Modern EV powertrains feature far fewer components than combustion-engined versions, with most being made up of approximately 45 parts. With the high-tech nature of EV motors and their mass for shipping, many in the industry think that we will see more motor production in more high labour cost countries, such as in the UK and Europe. Investing now and developing a comprehensive EV supply chain and manufacturing base will help to attract motor manufacturers far and wide.
Of course, the need to reduce component and manufacturing costs will still continue. In recent decades, the UK and Europe have been at the forefront of manufacturing premium vehicles for the global market.

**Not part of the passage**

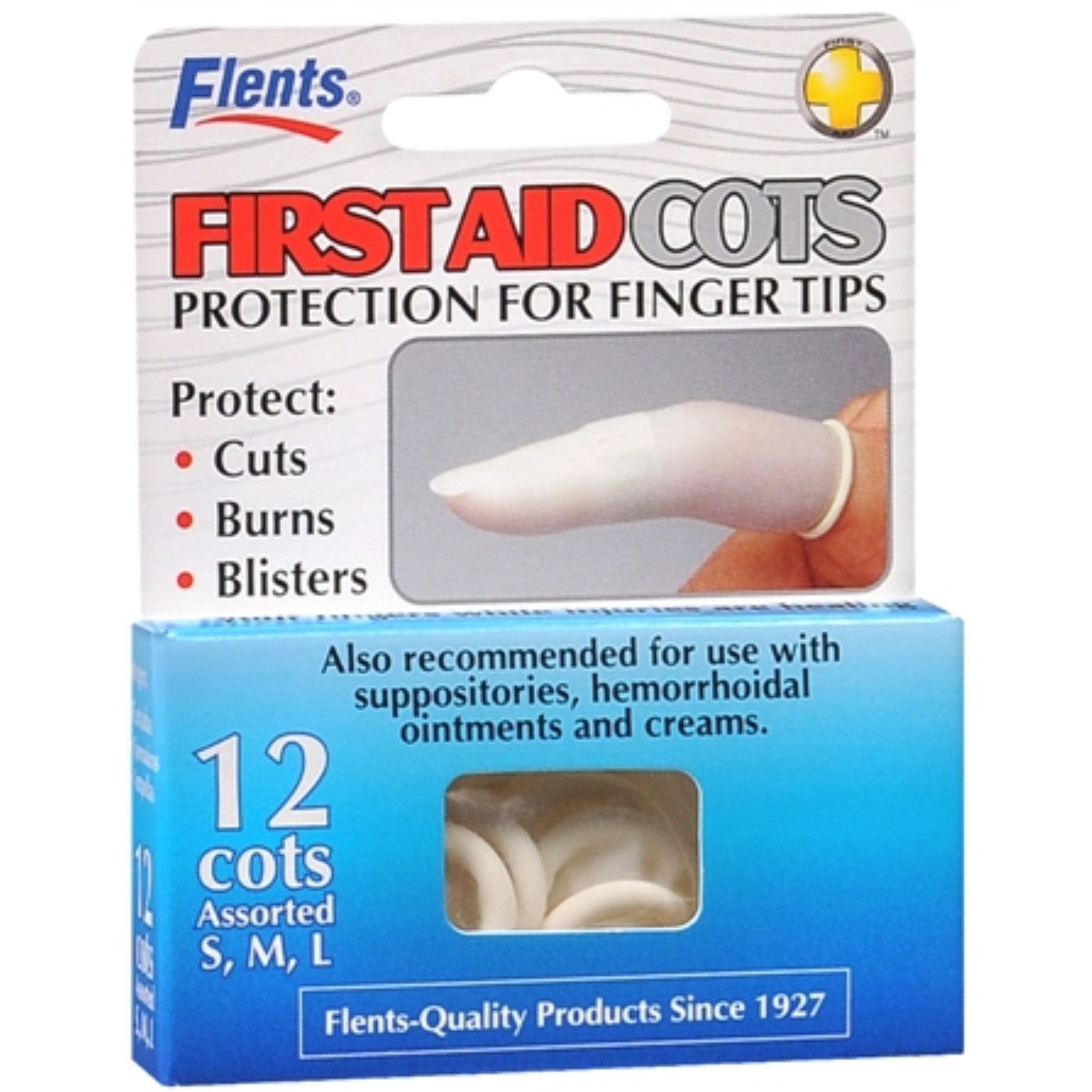 Flent's First Aid Cots for finger tip protection, displayed on a white background, designed for quick and effective first aid care.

As these vehicles demand higher prices, the expectation is that these EVs will continue to be made here, as the higher labour rates will be absorbed by the higher prices of the end product.
Frost does acknowledge that the difference with EV motor production is the ability to increase the level of automation compared to internal combustion engine production. “The cost of labour may be less critical in the future compared to material, design, manufacturing know-how and intellectual property costs. This may result in less migration of motor manufacture to Asia and other regions where labour rates are lower, assuming the next generation of leading technology is developed here in the UK.”
It’s easy to revel in our nation’s history of driving change in transport through innovation, but investment and adaptability are key. From the point of view of the economy and the environment, EV momentum must be maintained to ensure the UK can flourish in a new era of low-carbon road transportation.